Alchemist: Tongue Kiss

For him, these serve multiple purposes: besides their unique textures, they play a role in the dish’s story, and they draw attention to parts of meat that are usually discarded but are perfectly edible. “Here in Denmark, there are more pigs than human beings, and we export over 90% of that. Maybe we need to get back to a way of meat consumption that respects the whole animal. Back in the middle 1900s we ate cow udders, but nobody in Denmark would do that today.” A big challenge is to convince suppliers to preserve and sell these parts that they would otherwise scrap, since supply typically follows demand.

Rasmus concludes, “I hope the future of Holistic Cuisine is about adding more dimensions. I think the fine dining restaurants of the future will need to give more storytelling and add more dimensions, the way we have started here.”

Spora

Last November, Rasmus unveiled his latest venture: Spora, a research and innovation center focused on creative new ways to leverage the gastronomic and scientific expertise of Alchemist to create scalable new food technologies.
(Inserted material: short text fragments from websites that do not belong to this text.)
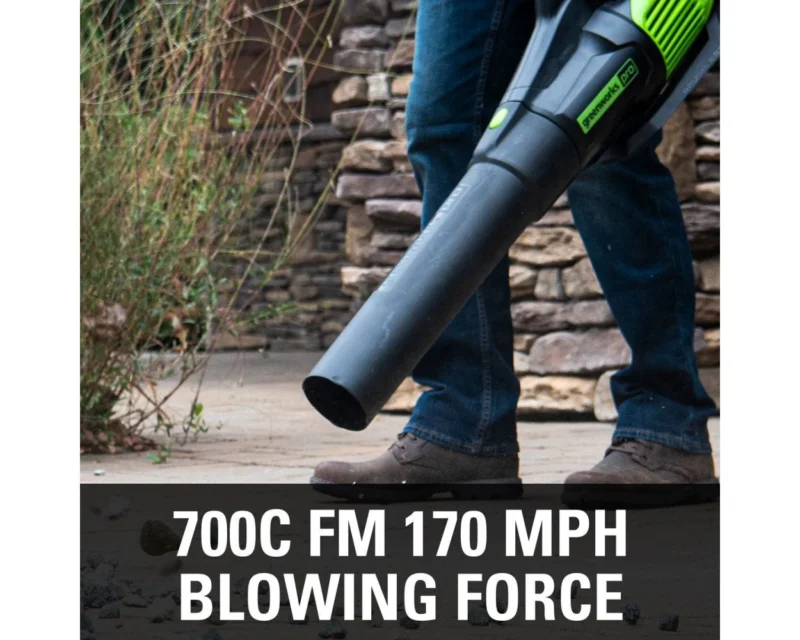Greenworks 60V 700 CFM Cordless Battery Leaf Blower + 5.0Ah Battery & Charger 2419502 - Image 5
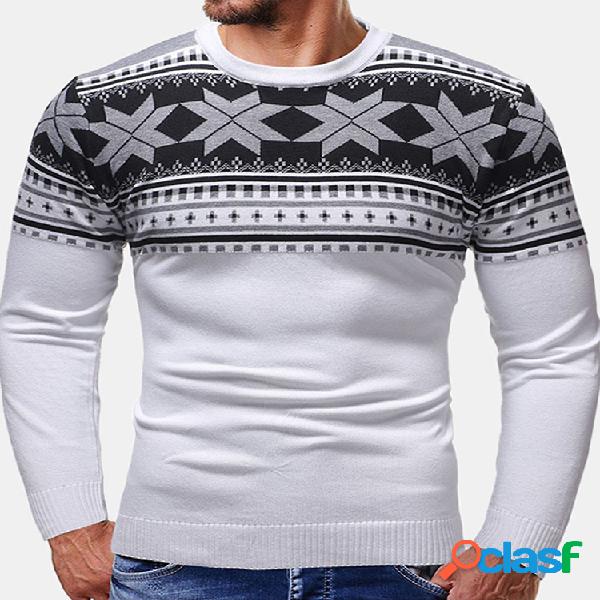 Mens Christmas Snowflake Printing Patchwork Long Sleeve Crew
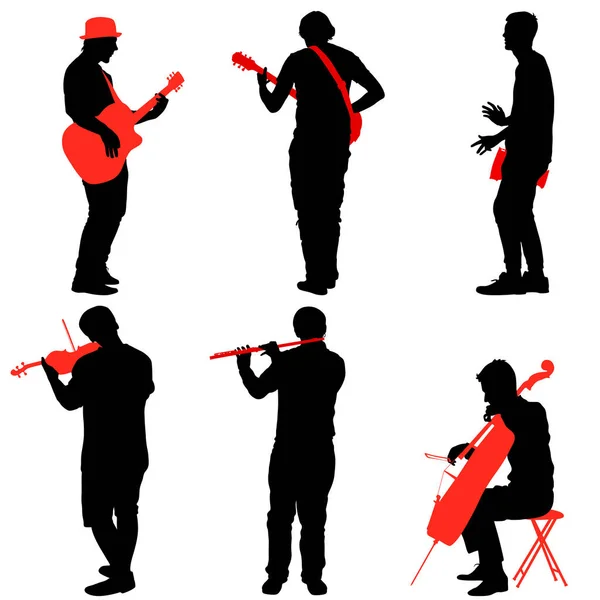 Silhouetten Straßenmusiker spielen Instrumente. Vektorillustration — Stockvektor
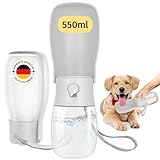 Trinkflasche Hunde für Unterwegs faltbar, 550ml spülmaschinenfeste...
Funded by bioscience partners Claus and Bente Christiansen, Spora is seeking collaborations with food industry leaders to bring novel ingredients and technologies into the mainstream, and to help move the industry toward a more sustainable food system.

Spora will initially focus on two main areas: upcycling food industry sidestreams, and diversifying protein sources. Current projects and partnerships include the ongoing UC Berkeley fungus project mentioned earlier, plus protein derived from spent rapeseed, new meat and seafood alternatives made from seaweed and fungus, and a partnership with San Francisco-based Wildtype on cultivated seafood.

Preview of the Spora Innovation Center

The multidisciplinary team will include industry leaders from gastronomy, science, design, art, engineering and business. Located at Refshaleøen in Copenhagen, it features a state-of-the-art facility spanning 1,000 square meters, with purpose-built research kitchens, cutting-edge microbiology labs, and a fully equipped 3D design and sound studio.

Rasmus said last September, “The Spora venture will allow us to pursue our wildest dreams within scientific and gastronomic research—from designing soundscapes for the restaurant to using ultrasound to extract flavors. We will investigate the potential of 3D-printing food, analyze sensory experiences, and explore the impact of the latest gastro-technology. During the last couple of years, we have been working intensely on developing the vision and business plan for Spora, and I can’t wait to start using my craft and ambition to make a broader impact in the world.”